Martha Walters represented me over twenty years ago. She didn't care if I could pay. She worked diligently for about two years and won against an employer who had many more resources than I could muster. She was interested in fairness and making sure that the process worked the same for everybody - her adversaries included. I have not hesitated to recommend her to others over the years. I have the utmost respect for her and know that she is fair and will give the People of Oregon someone whom they can admire and trust. She has the qualities, aptitude, and deportment that all would expect of a Supreme Court Justice. I am proud to know her.

I would demand of a judge no less fidelity to the ABA rules than that which a judge would hold over any individual member of the bar or public.

A quick hunt on client trust accounts yields this:

"ABA Standard 4.11 provides that '[d]isbarment is generally appropriate when a lawyer knowingly converts client property and causes injury or potential injury to a client.' Even a single act of intentional and dishonest appropriation of a client's trust funds in violation of DR 1-102(A)(3) warrants disbarment."

Your client is the public and the public trust, your client trust account, includes nearly all accounts managed by government or under the color of government authority. Imagine if I made the argument, as some have dared, that I only temporarily borrowed my client's funds and that I made money and then returned it with interest -- thus there was no harm. (Or many variants of the same.)

I won't buy the argument that the legislature says it is OK, BECAUSE I am a judge, to escape the rigor of the rules of ethics that are applicable to all others that are in a position of trust.

I am also not prepared to conclude that any elective office is inherently filled by people who are obsessive, or self-serving; though it is a plausible assumption.

I had argued to the PPS Auditor, the one now working for Gresham, and to the PERB about the need for something equivalent to the bar's Professional Liability Fund or Client Security Fund, in regard of the pension obligation bond proceeds that are held in the name of the local government and yet exposed to risk of investment loss to the public. That is, they need a guarantor of the assumed returns, other than the prospect of cover by the client, that initially served as the economic justification for the issuance of the bonds.

The bond issuance (full faith and credit) should have extinguished the prior claims upon which they were based, in a resolution that achieved judicial finality, rather than merely extend and compound public liability.
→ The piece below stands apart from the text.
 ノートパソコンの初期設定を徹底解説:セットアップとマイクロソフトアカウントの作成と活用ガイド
It is a fix that was not a fix at all. The commingling continues unabated, and you are in the class of private beneficiaries.

It should come as no surprise that I get some of my most wild ideas directly from reading nearly every disciplinary and admission case.
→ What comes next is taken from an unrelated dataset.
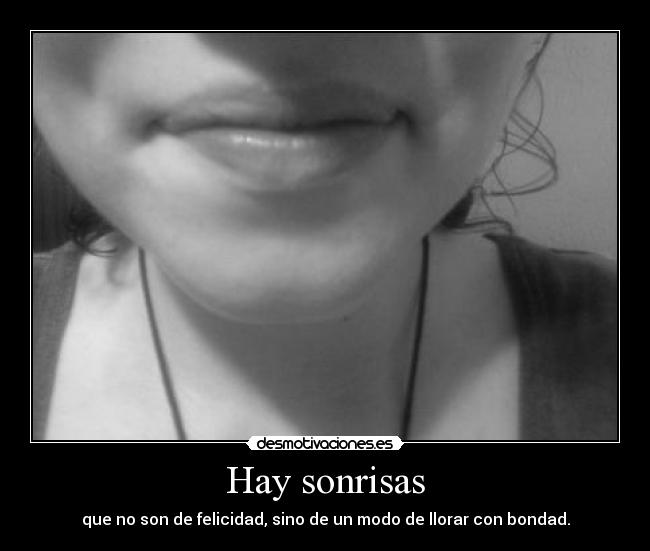 Hay sonrisas - que no son de felicidad, sino de un modo de llorar con bondad.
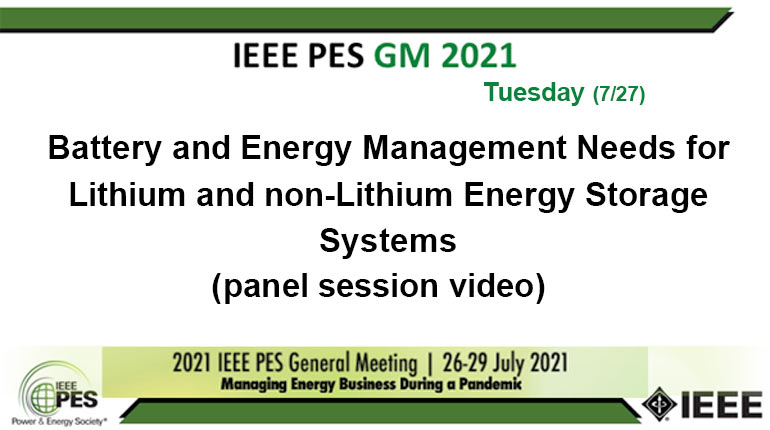 Battery and Energy Management Needs for Lithium and non-Lithium Energy Storage Systems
What might make someone proud to be a member of the bar rather than embarrassed, assuming membership was voluntary?

Transfer of investment risk is a "potential injury," wholly independent of legislative license to professionals to sell the idea of public gain via wishful thinking.

(It is nothing personal. It is just that the electoral process affords the only opportunity to raise such issues. I want it to be a meaningful opportunity, rather than one where professionalism is itself cover. Your willingness to engage is appreciated. The argument above would apply to all judicial candidates, even if there were no public pension for the judiciary.)

Virginia Linder seems game for engaging in the electoral process and could just as easily chime in here on the matter of fidelity. She too could assert that gender should be irrelevant, rather than a sales gimmick. Here is a popular "woman" too, as if it matters in a debate on public confidence in the judiciary. I wouldn't necessarily consider a popularity poll from Moshers in a Mosh Pit among professionals (the bar's poll) much of a clue either to likely representation of the public interest to tame lawyers (and my particular interest, attorneys for public bodies).

This IS My Simple Life -- and it is targeted at enhancing the credibility and integrity of the judiciary, as ironic as that may sound.